Nonprobate assets are an integral part of your estate plan. This piece seeks to address only those nonprobate assets that are insured at the time of your passing.
Nonprobate assets are those that are not subject to probate for one reason or another. For example, a beneficiary deed in Colorado can pass your house to your desired beneficiary or beneficiaries without the need to go through probate. Similarly, a transfer on death deed in Texas functions the same way.
However, it is very important to keep insurance information regarding those nonprobate assets that are insured, like real property and vehicles, with your estate planning documents, including the policy provider, the policy number, and the agent with whom you work (including their contact information).
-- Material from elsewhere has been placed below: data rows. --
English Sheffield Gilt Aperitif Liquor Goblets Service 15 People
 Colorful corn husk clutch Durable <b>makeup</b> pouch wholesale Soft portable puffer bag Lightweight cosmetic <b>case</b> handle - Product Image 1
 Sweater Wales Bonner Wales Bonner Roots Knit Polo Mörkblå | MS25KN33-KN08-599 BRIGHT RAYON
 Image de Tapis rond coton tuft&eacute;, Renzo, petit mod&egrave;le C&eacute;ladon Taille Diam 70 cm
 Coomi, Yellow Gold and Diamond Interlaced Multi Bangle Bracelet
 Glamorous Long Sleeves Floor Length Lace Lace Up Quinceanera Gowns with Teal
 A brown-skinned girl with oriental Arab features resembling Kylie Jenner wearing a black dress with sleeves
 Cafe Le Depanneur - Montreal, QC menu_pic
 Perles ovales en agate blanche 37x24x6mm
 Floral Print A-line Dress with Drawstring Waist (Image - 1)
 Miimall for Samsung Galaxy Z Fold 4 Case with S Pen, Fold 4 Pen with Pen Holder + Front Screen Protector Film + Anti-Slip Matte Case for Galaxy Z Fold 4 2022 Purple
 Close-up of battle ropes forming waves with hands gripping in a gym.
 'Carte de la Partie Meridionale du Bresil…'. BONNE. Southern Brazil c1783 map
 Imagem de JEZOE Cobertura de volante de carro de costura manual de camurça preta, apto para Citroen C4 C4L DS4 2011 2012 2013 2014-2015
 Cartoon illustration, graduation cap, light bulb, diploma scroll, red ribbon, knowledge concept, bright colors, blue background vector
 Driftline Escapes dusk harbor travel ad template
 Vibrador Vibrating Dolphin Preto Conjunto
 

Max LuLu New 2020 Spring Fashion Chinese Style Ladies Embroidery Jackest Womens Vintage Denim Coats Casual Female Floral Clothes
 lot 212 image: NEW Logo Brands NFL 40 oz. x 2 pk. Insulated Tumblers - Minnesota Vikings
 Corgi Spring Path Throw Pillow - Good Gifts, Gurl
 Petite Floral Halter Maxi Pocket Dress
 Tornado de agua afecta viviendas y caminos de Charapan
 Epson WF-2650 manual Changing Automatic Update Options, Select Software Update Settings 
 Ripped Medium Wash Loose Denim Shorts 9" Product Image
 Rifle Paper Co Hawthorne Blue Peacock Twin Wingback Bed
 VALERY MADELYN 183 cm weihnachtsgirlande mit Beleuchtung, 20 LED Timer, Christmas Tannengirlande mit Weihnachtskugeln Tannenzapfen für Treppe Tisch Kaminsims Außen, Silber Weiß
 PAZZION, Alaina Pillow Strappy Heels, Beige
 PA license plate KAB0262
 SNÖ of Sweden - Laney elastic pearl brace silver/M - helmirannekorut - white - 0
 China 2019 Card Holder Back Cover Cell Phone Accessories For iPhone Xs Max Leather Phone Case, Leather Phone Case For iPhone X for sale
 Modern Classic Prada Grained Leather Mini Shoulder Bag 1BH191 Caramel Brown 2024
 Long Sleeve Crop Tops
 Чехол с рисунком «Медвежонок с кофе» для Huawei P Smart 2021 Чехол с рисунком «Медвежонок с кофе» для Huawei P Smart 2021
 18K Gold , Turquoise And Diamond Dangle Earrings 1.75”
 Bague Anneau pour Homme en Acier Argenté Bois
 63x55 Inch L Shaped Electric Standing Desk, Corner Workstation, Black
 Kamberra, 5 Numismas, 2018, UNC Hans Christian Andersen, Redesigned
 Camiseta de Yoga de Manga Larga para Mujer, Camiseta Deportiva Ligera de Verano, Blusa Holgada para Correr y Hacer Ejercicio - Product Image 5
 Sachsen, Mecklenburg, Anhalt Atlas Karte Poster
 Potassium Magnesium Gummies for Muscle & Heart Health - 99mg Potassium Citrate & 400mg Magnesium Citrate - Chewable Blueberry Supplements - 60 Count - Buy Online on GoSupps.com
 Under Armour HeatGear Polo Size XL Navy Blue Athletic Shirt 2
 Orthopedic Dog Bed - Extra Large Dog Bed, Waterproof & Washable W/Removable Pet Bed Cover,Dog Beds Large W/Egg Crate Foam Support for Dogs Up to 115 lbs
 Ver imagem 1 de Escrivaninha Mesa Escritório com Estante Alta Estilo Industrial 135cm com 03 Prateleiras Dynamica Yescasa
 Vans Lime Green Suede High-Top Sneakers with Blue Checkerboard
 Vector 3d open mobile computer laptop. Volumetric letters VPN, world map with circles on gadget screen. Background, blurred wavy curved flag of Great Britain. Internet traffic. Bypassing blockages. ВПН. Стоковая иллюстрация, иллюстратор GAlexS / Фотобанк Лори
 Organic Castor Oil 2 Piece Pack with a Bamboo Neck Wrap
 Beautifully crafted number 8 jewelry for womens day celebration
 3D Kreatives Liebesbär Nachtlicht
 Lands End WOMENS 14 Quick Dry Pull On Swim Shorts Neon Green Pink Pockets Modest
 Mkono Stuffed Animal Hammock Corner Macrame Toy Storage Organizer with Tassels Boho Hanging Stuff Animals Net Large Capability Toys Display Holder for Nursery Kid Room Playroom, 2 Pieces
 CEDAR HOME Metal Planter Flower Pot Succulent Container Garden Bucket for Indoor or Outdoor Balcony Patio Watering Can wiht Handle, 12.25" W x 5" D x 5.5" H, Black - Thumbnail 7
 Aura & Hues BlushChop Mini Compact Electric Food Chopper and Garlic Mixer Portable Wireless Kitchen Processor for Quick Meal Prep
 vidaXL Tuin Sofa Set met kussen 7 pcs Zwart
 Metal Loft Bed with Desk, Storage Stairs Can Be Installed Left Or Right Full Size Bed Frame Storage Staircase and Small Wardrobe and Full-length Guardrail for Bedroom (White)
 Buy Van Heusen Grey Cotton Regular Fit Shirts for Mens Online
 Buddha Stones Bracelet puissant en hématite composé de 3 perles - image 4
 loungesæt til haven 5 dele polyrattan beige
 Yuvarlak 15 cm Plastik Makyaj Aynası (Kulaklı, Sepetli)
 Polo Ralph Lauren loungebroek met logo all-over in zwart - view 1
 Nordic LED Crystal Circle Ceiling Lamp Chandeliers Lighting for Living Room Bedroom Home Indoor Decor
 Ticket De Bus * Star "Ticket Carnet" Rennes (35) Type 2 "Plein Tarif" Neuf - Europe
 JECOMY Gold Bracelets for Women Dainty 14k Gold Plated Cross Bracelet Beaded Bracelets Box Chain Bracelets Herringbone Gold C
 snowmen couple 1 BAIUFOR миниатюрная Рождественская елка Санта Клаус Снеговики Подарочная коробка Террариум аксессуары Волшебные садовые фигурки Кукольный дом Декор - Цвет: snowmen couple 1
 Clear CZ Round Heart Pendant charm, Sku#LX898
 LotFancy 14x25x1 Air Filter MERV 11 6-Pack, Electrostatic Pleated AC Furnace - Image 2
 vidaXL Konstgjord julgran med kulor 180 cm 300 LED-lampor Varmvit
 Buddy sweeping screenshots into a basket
Strope-Robinson v. State Farm Fire & Cas. Co. brought this issue to the forefront of estate planners’ minds. This case, while not authoritative in all jurisdictions, has implications across the country with respect to insurance on nonprobate assets after the policyholder passes. In Strope-Robinson, a beneficiary did not update the insurance on real property owned by the decedent upon the decedent’s passing, which was destroyed due to a fire within days thereafter. Because the beneficiary had not procured insurance, or updated the insurance, before the fire, the value of the home was not recoverable–despite the fact that the decedent’s ex-wife set fire to the home, ostensibly on purpose. On February 5, 2021, the 8th Circuit affirmed this ruling.
This case serves as an important lesson in estate planning. It’s a great idea to let the beneficiary or beneficiaries of your nonprobate assets know whether the asset in insured, and if so, with which company, under which policy number, and the agent who helped you put the policy in place (including their contact information). The beneficiary or beneficiaries should also be instructed to contact the agent and/or the company immediately upon your passing to protect the asset.